Less than 24 hours after Donald Trump went on a bizarre rant about golf legend Arnold Palmer, the athlete’s oldest daughter dismissed the former president’s vulgar comments about the size of her father’s penis.
“I thought it was an unfortunate way to remember my dad,” Peggy Palmer told The Independent.
At a Saturday campaign rally at the Arnold Palmer Regional Airport in Latrobe, Pennsylvania — Palmer’s birthplace — the former president spent the first 12 minutes of his speech relaying a crude anecdote about the exalted athlete.
“This is a guy that was all man,” Trump said. “He took showers with the other pros, they came out of there, they said, ‘Oh my God, that’s unbelievable.’ I had to say it.”

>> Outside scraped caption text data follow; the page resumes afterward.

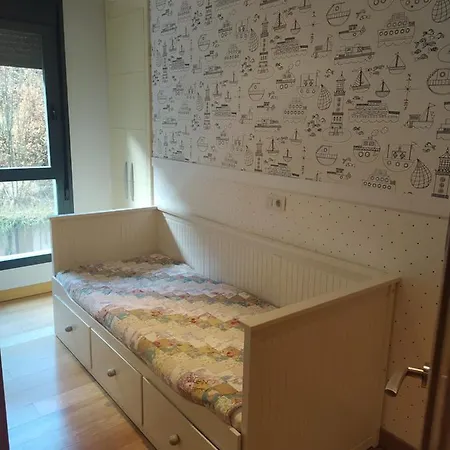 En El Centro Con Garaje Directo. Apartamento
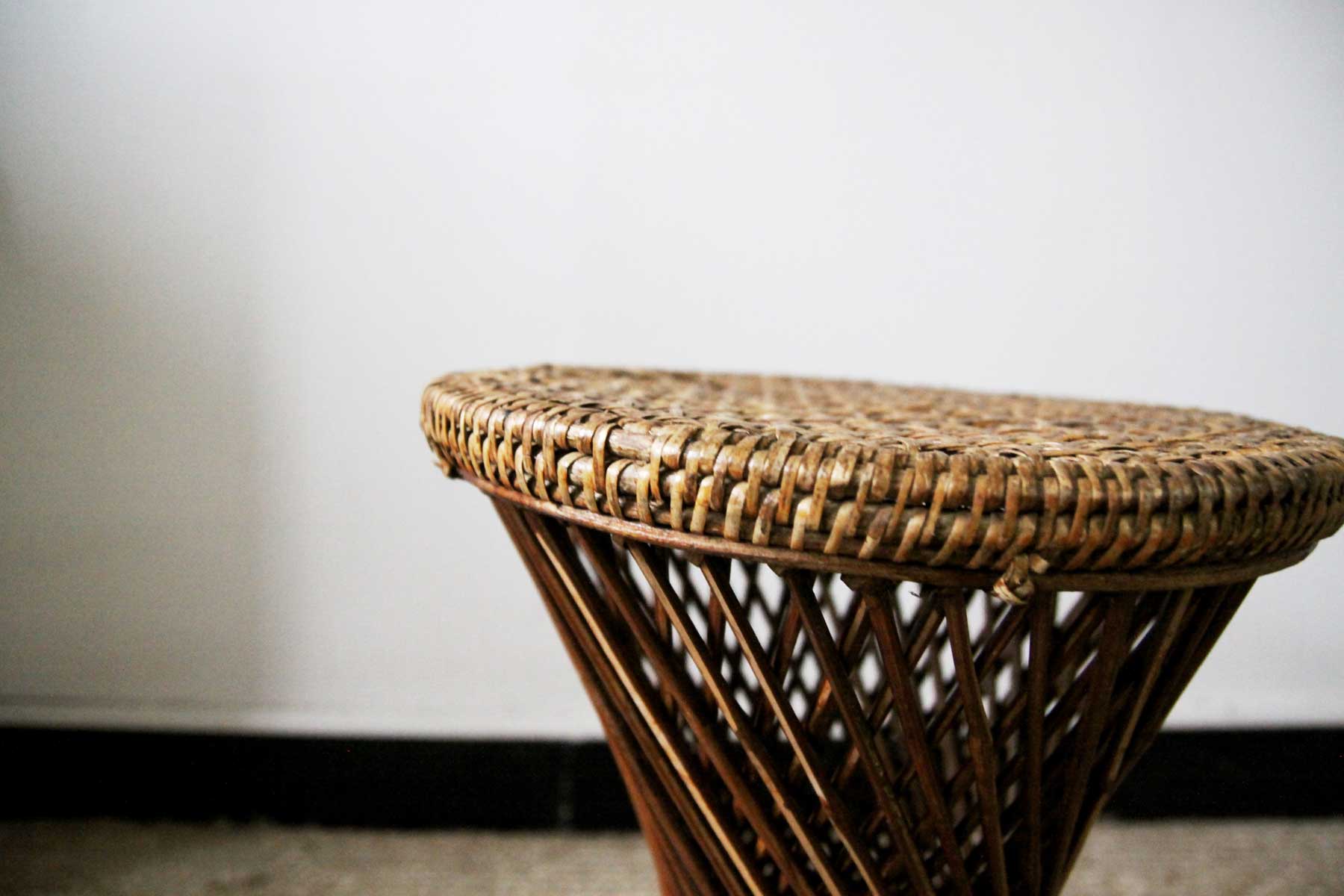 Vintage wicker diabolo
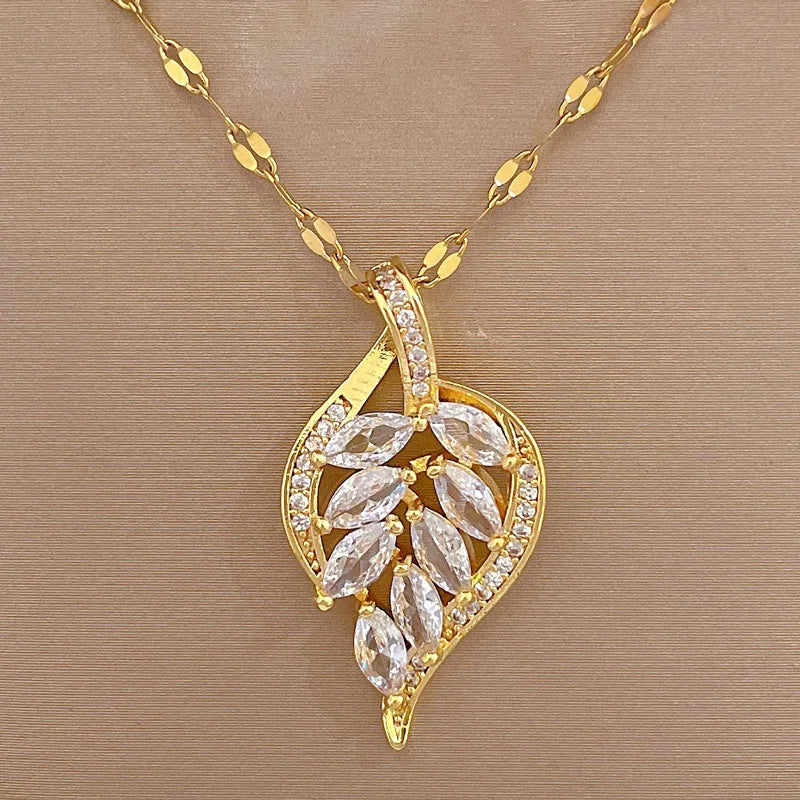 Leaf Copper Pendant Necklace – Stainless Steel Choker for Women Pendant Necklace Nixie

On Sunday, Peggy, 68, said Trump “appropriating my dad in this situation… seems inappropriate.” Still, she added, she’s not spending a lot of time thinking about it or letting it get under her skin.
“My father was very modest,” Peggy continued. “We’ve lost our sense of outrage in this country over just about everything, and I’m not sure that’s OK… There are other things about my dad that would be better to focus on.”
Palmer transcended the game and took the sport itself to a higher level, fellow icon Jack Nicklaus said after “The King” died in September 2016.
He answered every piece of fan mail he received, spending upward of $100,000 a year on return postage, and built the first golf course in modern China. His childhood was decidedly blue-collar, and he took up golf at the local course where his father, who had survived polio as a boy, worked as a groundskeeper.
Deacon Palmer instilled a set of values in his son that ran counter to those Trump displays; in 2018, Peggy Palmer told The Sporting News that her dad, shortly before his death, had been “appalled” by Trump’s behavior during his 2016 presidential run.
“My dad didn’t like people who act like they’re better than other people,” she said. “He didn’t like it when people were nasty and rude. He didn’t like it when someone was disrespectful to someone else. My dad had no patience for people who demean other people in public. He had no patience for people who are dishonest and cheat. My dad was disciplined. He wanted to be a good role model. He was appalled by Trump’s lack of civility and what he began to see as Trump’s lack of character.”
Palmer was “as extraordinary on the links as he was generous to others,” said then-President Barack Obama. Writer James Dodson, who co-authored Palmer’s 2000 memoir, A Golfer’s Life, recalled him as a cherished figure who “represented everything that is great about golf.”